大学1年の春。先輩に人材がいなかったこともあり、攻撃の右エンド(RE)のレギュラーポジションを与えられた。
4年生の主将、副将と一緒に監督と風呂に入った。監督から突然「歌を歌ってみろ」と言われた。あれこれ考えている時間はない。思いついた曲を大声で歌う。
腕組みをして湯船につかりじっと聞いていた監督が、カッと目を見開いてこう言った。「お前、暗いな」。翌日から、明るい歌を練習する。
春のオープン戦。ダイビングキャッチをした際に肩から落ち、右の鎖骨を折った。合宿所での夕食。監督の隣で、カルシウムの粉末をたっぷりまぶした丼飯を3杯食べ終わるまで、席を立つことを許されなかった。
監督が運転する車の助手席に座る。車内でNHK鈴木健二アナウンサー(当時)の講演テープを聞く。ありきたりな感想を述べると怒られた。
硬軟織り交ぜた「コミュニケーションの達人」。

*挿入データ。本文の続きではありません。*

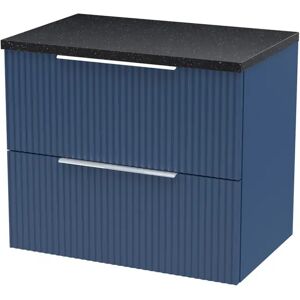 Hudson Reed Fluted 600Mm Wall Hung 2-Drawer Vanity & Laminate Worktop blue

日大アメリカンフットボール部の故篠竹幹夫元監督は、そういう人だった。
驚くような達筆で、ロマンチックな詩を書き、自ら曲をつける。シャンソンをロシア語で歌う。
多面性を持った「鬼監督」は、二十歳前後の学生にとっては理想の男性像を地でいく人だった。心に響く名言は数知れない。すごく怖くて優しい「おやじ」は、憧れの存在だった。
「危険タックル問題」で、21度の甲子園ボウル優勝を誇る名門「フェニックス」が存亡の危機に陥っている。そんな中、心あるOBが遅ればせながら立ち上がった。